06-27-2019, 11:29 AM
 Location: Kentucky 505 posts, read 304,728 times Reputation: 2158

06-27-2019, 11:53 AM
 Location: Aurora Denveralis 8,556 posts, read 3,001,676 times Reputation: 12760

For one thing, "a bank offering 0.02%" means it's an interest rate, and the return can't be calculated without knowing the rate period - daily, most likely, but it could be monthly.

Also, 0.02% does not mean "x 0.02," but one hundredth of that rate. It would be 0.1 cents per period on five bucks, and gains would probably be lost to rounding/minimum accrual at that level.

\$500 would gain 10 cents a day, probably credited monthly, or about \$3 for a month.

06-28-2019, 05:28 PM
 8,815 posts, read 5,119,154 times Reputation: 10085
Quote:
 Originally Posted by Quietude Neither the right question was asked nor were the answers useful. For one thing, "a bank offering 0.02%" means it's an interest rate, and the return can't be calculated without knowing the rate period - daily, most likely, but it could be monthly. Also, 0.02% does not mean "x 0.02," but one hundredth of that rate. It would be 0.1 cents per period on five bucks, and gains would probably be lost to rounding/minimum accrual at that level. \$500 would gain 10 cents a day, probably credited monthly, or about \$3 for a month.
That would mean \$500 earns \$36 of interest in one year, which (ignoring compounding) is 7.2%.

Banks quote annual interest rates, not daily interest rates.

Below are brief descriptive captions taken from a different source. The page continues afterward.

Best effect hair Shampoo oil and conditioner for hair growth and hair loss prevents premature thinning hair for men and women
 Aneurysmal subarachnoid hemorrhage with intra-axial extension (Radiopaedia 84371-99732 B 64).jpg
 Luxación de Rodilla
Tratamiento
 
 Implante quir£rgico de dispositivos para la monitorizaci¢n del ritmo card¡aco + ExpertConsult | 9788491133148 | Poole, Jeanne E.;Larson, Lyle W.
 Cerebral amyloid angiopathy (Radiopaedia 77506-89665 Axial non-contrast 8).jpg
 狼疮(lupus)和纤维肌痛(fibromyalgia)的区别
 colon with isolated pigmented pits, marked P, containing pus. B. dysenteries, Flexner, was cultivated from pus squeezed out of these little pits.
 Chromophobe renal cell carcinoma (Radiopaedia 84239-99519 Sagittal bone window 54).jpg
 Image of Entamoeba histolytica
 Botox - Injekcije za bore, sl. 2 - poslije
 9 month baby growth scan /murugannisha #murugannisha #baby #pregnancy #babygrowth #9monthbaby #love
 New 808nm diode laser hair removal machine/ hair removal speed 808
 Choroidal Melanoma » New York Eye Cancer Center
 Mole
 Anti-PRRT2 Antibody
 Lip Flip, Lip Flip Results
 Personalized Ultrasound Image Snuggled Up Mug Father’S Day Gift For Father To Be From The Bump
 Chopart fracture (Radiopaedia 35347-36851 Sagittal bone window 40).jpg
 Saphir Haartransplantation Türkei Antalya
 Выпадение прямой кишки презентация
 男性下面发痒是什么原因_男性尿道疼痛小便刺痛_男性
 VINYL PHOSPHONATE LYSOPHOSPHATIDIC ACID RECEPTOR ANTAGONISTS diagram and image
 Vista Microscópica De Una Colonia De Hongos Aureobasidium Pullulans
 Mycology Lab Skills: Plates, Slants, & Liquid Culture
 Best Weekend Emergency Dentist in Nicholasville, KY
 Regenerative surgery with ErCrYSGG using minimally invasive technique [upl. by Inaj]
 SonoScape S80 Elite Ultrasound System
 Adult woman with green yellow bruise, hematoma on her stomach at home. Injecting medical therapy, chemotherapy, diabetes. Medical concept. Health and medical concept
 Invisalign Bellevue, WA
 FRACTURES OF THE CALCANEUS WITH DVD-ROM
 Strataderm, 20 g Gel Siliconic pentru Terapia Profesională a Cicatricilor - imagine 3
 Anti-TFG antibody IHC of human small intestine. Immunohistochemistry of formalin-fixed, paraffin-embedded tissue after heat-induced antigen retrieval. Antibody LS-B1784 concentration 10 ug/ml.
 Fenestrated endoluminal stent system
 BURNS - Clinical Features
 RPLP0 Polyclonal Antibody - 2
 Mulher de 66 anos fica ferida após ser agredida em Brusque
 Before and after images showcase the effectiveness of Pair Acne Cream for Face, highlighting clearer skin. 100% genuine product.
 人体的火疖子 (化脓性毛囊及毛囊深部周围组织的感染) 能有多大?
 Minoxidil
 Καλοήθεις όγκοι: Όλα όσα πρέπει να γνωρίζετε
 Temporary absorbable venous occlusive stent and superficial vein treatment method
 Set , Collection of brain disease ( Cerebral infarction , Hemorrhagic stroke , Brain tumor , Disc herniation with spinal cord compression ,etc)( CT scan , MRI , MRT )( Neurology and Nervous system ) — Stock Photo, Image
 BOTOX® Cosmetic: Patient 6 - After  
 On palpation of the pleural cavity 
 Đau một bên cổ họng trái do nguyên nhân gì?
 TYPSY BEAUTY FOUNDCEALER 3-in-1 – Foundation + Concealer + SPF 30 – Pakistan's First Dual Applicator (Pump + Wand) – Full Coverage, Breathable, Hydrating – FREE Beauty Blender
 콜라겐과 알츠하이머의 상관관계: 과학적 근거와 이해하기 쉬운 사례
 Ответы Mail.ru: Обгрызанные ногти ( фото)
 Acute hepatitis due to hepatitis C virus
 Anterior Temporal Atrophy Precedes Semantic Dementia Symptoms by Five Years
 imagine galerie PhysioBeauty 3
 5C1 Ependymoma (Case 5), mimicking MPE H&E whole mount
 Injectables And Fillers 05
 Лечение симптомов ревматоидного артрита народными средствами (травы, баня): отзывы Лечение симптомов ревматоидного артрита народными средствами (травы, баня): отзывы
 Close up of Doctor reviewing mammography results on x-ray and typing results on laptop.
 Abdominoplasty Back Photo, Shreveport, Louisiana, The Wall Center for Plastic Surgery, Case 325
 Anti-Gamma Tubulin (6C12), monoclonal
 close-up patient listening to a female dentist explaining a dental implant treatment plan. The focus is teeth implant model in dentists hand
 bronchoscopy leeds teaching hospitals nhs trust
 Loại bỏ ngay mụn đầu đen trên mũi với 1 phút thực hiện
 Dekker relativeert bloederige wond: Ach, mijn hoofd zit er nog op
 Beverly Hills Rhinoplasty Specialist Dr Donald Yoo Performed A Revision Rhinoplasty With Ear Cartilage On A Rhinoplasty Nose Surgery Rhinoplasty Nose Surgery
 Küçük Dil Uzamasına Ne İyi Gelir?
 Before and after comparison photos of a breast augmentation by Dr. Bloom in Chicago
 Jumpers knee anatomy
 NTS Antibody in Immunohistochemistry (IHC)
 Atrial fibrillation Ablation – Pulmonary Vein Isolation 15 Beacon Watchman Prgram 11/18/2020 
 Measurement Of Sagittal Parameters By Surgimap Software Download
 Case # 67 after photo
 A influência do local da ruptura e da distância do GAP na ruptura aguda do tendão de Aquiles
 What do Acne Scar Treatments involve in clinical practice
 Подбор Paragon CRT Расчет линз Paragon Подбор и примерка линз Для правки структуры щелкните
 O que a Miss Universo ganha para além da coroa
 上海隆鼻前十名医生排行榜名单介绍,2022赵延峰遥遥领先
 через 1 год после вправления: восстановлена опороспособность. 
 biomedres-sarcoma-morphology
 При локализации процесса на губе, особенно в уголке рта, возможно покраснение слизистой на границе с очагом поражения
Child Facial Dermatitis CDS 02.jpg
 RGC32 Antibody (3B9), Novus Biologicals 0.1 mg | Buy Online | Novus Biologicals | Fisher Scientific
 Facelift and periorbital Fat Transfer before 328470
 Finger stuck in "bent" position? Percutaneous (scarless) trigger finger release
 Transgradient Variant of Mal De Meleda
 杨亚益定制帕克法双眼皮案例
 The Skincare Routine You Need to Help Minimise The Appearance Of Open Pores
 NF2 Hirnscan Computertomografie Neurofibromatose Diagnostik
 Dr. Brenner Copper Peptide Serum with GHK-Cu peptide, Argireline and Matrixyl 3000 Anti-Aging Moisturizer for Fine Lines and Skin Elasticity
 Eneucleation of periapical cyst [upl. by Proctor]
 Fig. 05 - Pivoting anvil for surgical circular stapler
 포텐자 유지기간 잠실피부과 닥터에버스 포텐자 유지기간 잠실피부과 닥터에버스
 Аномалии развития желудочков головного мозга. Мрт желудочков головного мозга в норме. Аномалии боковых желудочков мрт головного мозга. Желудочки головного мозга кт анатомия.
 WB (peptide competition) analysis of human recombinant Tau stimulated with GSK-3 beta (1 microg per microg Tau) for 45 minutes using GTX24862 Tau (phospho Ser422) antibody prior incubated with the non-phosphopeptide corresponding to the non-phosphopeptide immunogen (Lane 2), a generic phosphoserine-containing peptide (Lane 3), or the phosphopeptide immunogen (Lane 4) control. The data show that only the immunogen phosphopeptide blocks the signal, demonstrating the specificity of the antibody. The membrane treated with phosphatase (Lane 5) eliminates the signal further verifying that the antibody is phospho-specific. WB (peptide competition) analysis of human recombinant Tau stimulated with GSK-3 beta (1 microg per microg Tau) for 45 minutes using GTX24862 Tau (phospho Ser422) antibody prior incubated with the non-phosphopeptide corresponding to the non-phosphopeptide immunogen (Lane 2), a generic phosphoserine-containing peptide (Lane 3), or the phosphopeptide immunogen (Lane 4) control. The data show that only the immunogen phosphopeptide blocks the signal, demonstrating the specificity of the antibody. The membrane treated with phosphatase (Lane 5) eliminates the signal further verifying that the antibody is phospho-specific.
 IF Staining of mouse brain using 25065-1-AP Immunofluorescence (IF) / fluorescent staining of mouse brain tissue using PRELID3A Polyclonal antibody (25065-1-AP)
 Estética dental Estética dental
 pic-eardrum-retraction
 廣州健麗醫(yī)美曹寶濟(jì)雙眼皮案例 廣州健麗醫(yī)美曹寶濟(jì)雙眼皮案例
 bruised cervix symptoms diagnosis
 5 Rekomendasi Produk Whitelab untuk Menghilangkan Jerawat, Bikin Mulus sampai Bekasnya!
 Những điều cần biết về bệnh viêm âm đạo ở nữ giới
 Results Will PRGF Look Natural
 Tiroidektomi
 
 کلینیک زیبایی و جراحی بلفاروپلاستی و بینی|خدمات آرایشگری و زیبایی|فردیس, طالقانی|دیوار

\$500 earning .02% APR = \$0.10 interest per year. Sadly, this is more or less what brick and mortar banks have been paying for some time now.

06-28-2019, 09:34 PM
 830 posts, read 295,336 times Reputation: 341
Quote:
 Originally Posted by thecoalman It's two one hundredths of one percent. It can be a little confusing because it's percentage with decimal value. To get the percentage of number you multiply the number times the percentage but first you move the decimal point to the left two numbers. If it was 2% you could also show it as 2.0% percent. 5 * .02 = .1 or ten cents For 0.02% 5 * .0002 = 0.001 or one tenth of a penny.
OK, and I'm reading this again, because I guess (?) I forgot. So, yes, it is confusing for me because as you say, it's percentage with a decimal value. And when I went to school 2% was written as .02. Not, I suppose, as .02%. Still can't figure it. So 2% means 2% of something. So is 2% written as .02, but not .02%??? Or is it more precisely written as 0.02% in that case where it is not really 2%? I guess that is where my confusion is. If someone else has already answered the question, please excuse but maybe you can help out by answering it or pointing to the answer. Thanks.

06-28-2019, 09:36 PM
 830 posts, read 295,336 times Reputation: 341
Quote:
 Originally Posted by Petunia 100 That would mean \$500 earns \$36 of interest in one year, which (ignoring compounding) is 7.2%. Banks quote annual interest rates, not daily interest rates. \$500 earning .02% APR = \$0.10 interest per year. Sadly, this is more or less what brick and mortar banks have been paying for some time now.
I see that. Thanks.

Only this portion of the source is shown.